Local institutions have welcomed the initiative, which had been in discussion since 1989 when CARICOM heads, in Grand Anse, Grenada, took the decision to further deepen the integration process by establishing the CARICOM Single Market and Economy (CSME).
It is seen as having the potential to create a multiplicity of opportunities for Jamaicans as well as other Caribbean nationals, and give the region the necessary trade tools to compete alongside the other 194 trading blocs in the world.
Robert Gregory, executive director of the HEART Trust/NTA, said the CSM is an initiative which should be taken seriously by all Jamaicans. "With the CSM, the Jamaican job market has expanded to become a Caribbean job market," explains Gregory.
"The promise of the CSM and eventually of the CSME, is that all the skilled and certified members of the Jamaican and CARICOM workforce will now have access to the entire CARICOM as a single market. This means a multiplicity of opportunities for the skilled and certified workers," he added. He urged Jamaicans to seize the opportunities that come with the opening of the market.
"This is a tremendous opportunity and it should be taken very, very seriously. Imagine opportunities being multiplied threefold and that is essentially what it is. Here it is that we were operating in a local market, which has been joined up with other markets to form a regional market. So this is an opening up of a field of opportunities for us and it should be taken very seriously or be left behind," he said.
A concern for many is how long workers will take to get used to the idea of the CSM and its benefits. Gregory points out that although workers could take longer than expected or needed, once movement gets under way, people will catch on.
"I hope not too long, but once people see formal movement they will spread the word to others that there is a formal structure without any need to hide and they can move about the region as certified workers and by 2008 should be able to move freely around the region," Gregory said. But what does Jamaica have to offer? According to Gregory, one asset firmly in Jamaica's favour is its large economy.

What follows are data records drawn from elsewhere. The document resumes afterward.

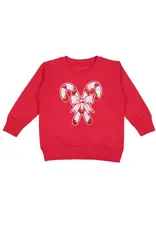 Sweet Wink- Candy Cane Patch Christmas Sweatshirt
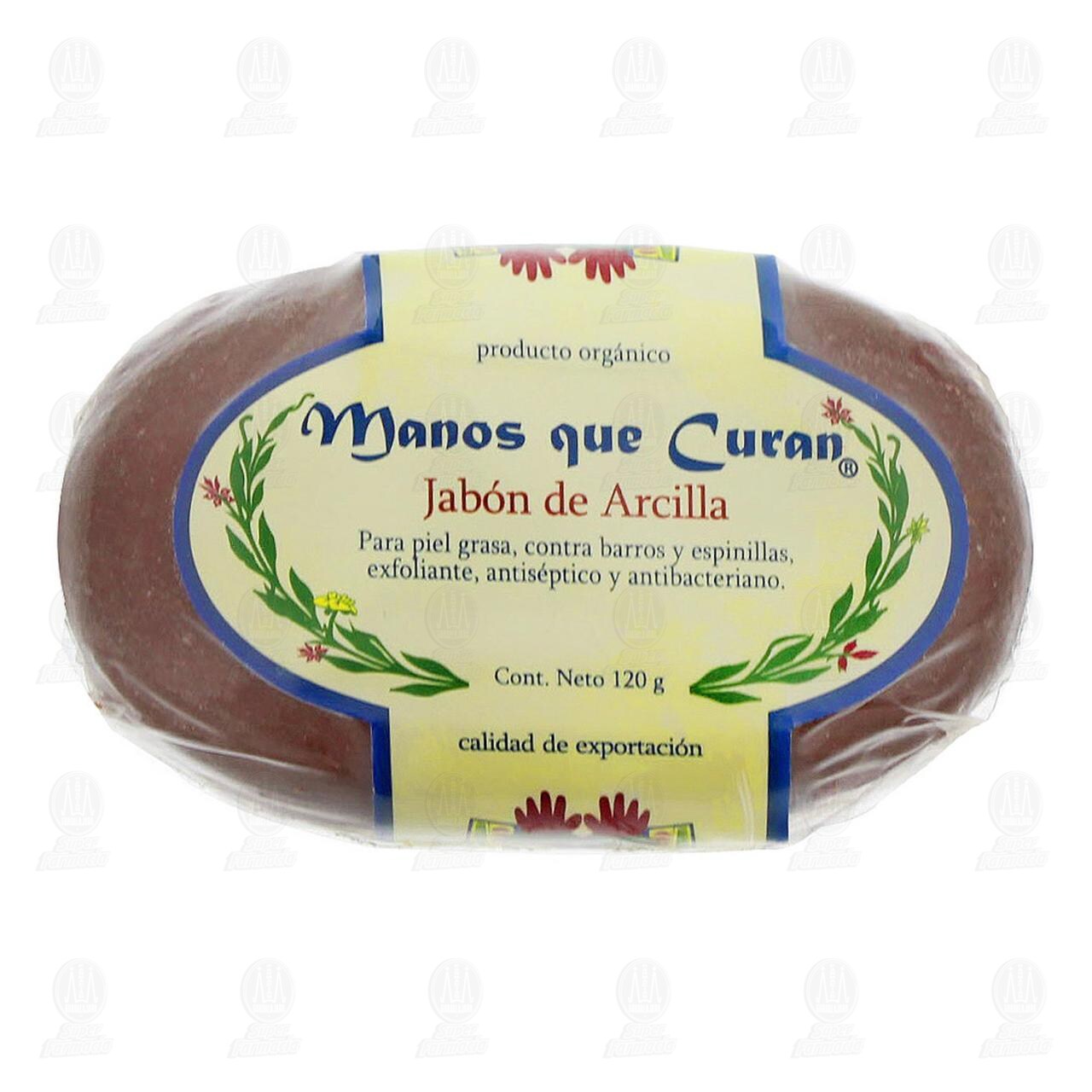 Jab&oacute;n Org&aacute;nico Manos que Curan de Arcilla, 120 gr.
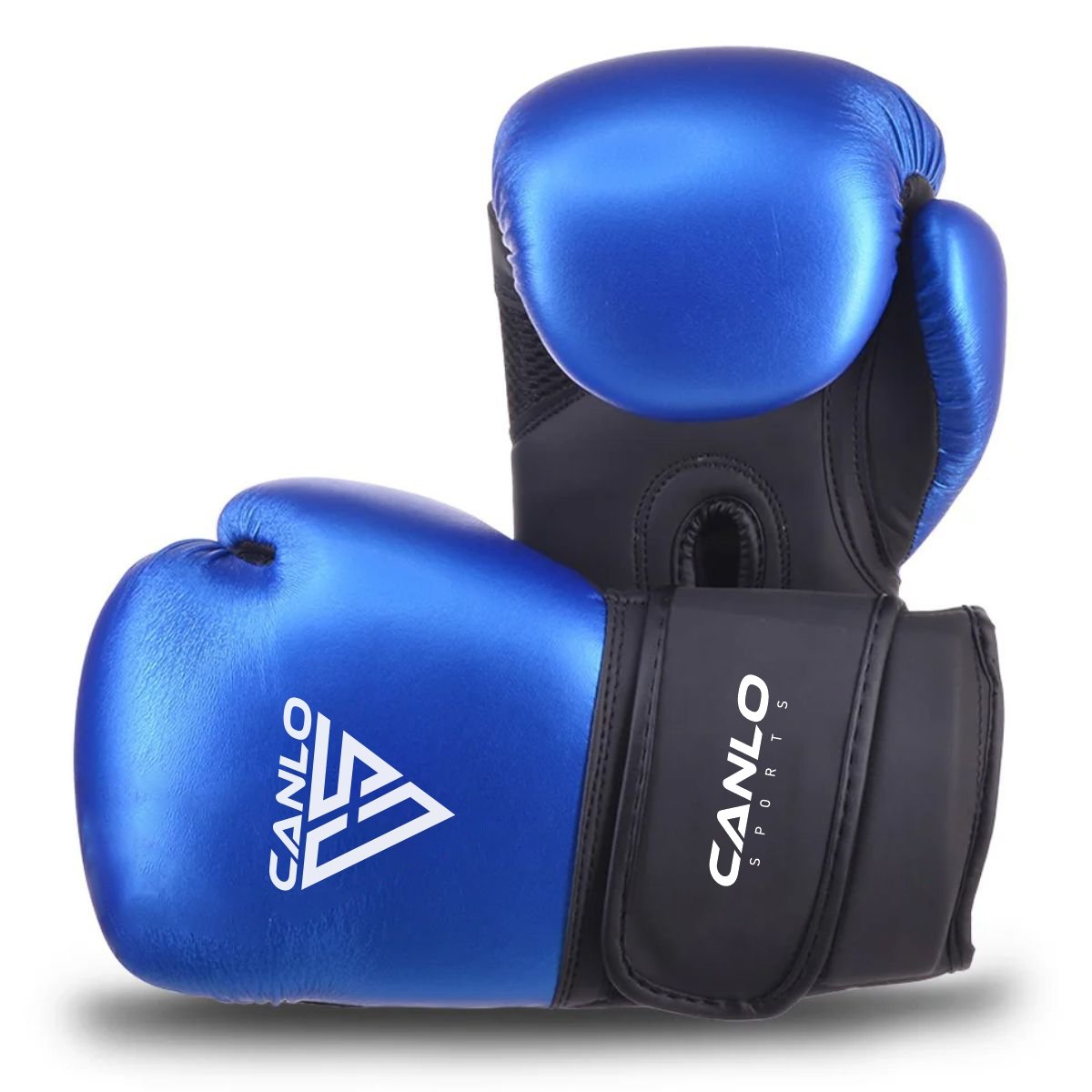 Canlo Blue Junior Boxing Gloves for Kids - Youth training gloves front view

"Jamaica has the largest economy in the CSM, with the largest variety of job opportunities that exist in the Caribbean. With that we have much to offer in this partnership," he pointed out.
Executive director of the Jamaica Employers' Federation (JEF), Jacqueline Coke-Lloyd, said Jamaica had much to offer to the labour force in the CSM. "We are a very creative set of people, Jamaicans are known worldwide for their creativity, spirit and tenacity, so Jamaicans going to other countries will be seen as a group of persons who add value. What we also offer is our own ability to understand what it means and takes to survive. So we bring a sense of knowing to the other Caribbean islands," Lloyd said.
But Lloyd said there is a concern among Jamaicans of possible threats of job loss to incoming Caribbean nationals. She assures, however, that although these threats may be real, workers should have nothing to fear once they prepare themselves for the competition.
"Jamaicans will feel threatened once they are not prepared," she explained. "The CSM is an opportunity; if they are unprepared they can't take advantage of it and will feel threatened with other people coming into the country." However, she cited the European Union (EU) as evidence of people not moving from country to country in droves and said to same could happen with the CSM.
"The EU did not see a lot of cross-border movement and that could become the situation in the Caribbean where people may not move as much as we are thinking," she said.
"However, workers in Jamaica should prepare themselves, they need to be re-skilled, retrained and certified," she added. Gregory, in the meanwhile, stresses that workers and employers should not feel threatened but realise that they are now competing with a larger group of people.
"They are now joining the Caribbean workforce, therefore they ought to be conscious of this and prepare themselves to compete in this new wider environment. There is nothing to be wary about. This is the nature of life in the 21st Century. Countries compete, economies compete, individuals compete, therefore it behoves them to be life-long learners and be at the cutting edge," he said.